There were a lack of retail offers and pricing sales due to no market saturation at the time.
Wight said this has been a major change across the whole automotive sector. He said retail marketing is back and heavy in the innovative leasing and financing space.
“Most famously KIA have said for the last five years, they do not invest or promote. They sit entirely on the quality of their brand and product.
"That started to loosen at the end of last year, and they’ve entered into retail and promotions.
“So even amongst those that are quite bold and saying, ‘We don't promote, we trust our product’, there's some cracks starting to form.
“Australians are managing a lot of leasing, as well as moving to Chinese brands, which offer an amazing quality vehicle for the right price point.

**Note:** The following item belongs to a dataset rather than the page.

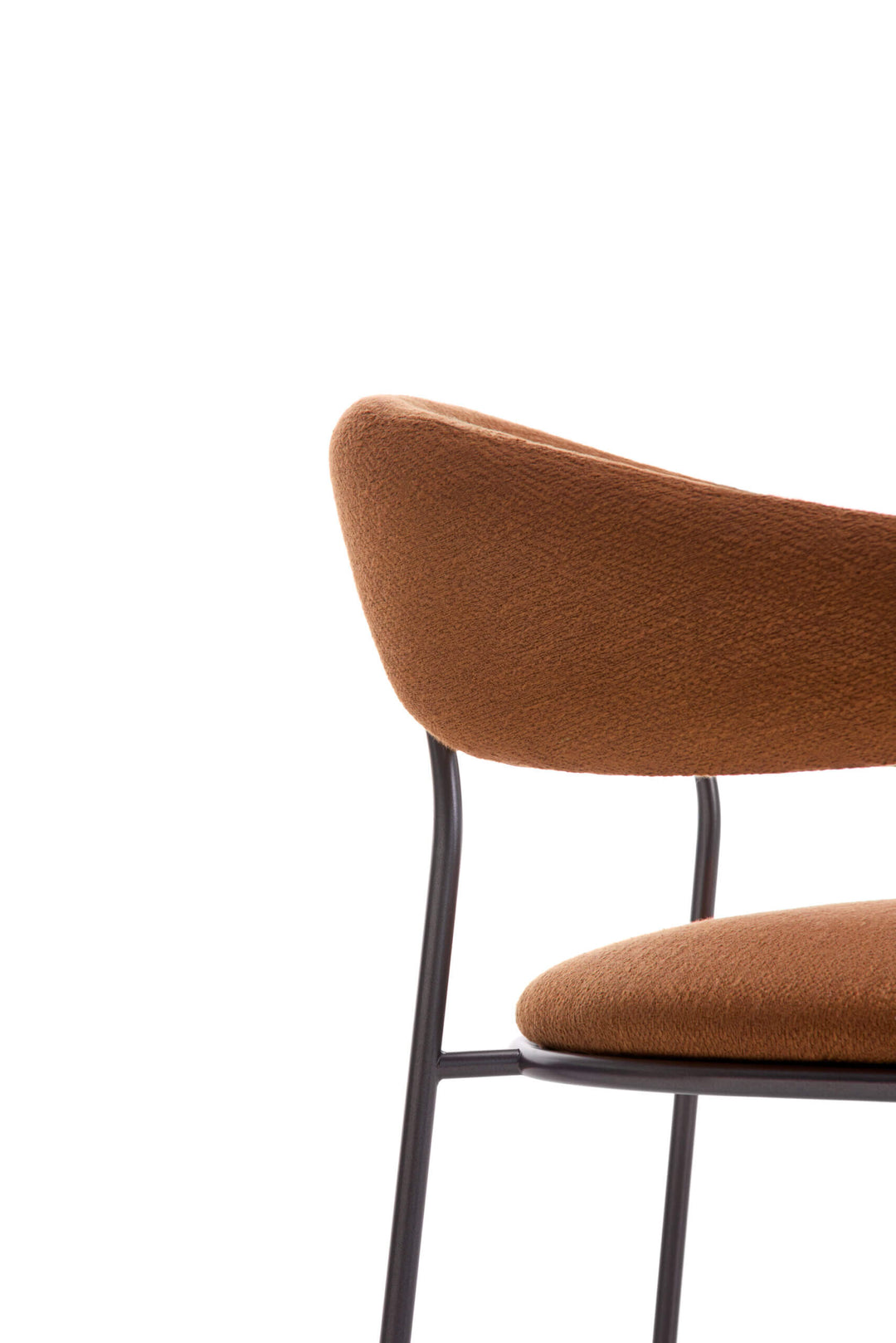 Archie Armchair Chairs & Armchairs MDF Italia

“It’s a combination of financing and Chinese vehicles that are plugging that cost-of-living issue.”
Wight said the media spend is impacted by the introduction of a product and how well known it is in its sector.
“When we introduce new technology that isn't well known, like plug-in hybrid variations, and what that means versus a hybrid or an EV, it requires a lot of education and heavy lifting.
“Bi-directional charging will probably be the next one that the auto industry explains how that helps sustainability.
“There's a lot of similarities as well, When we look at who is buying EVs today, which predominately have been at a high price point, it's the more affluent people, the plus 50s in Australia, that have been buying them.
“From a media perspective, it's the traditional channels that we will use for selling a Triton or an Outlander.
“It's not a default that EVs will mean digital and young, It's actually more nuanced than that.”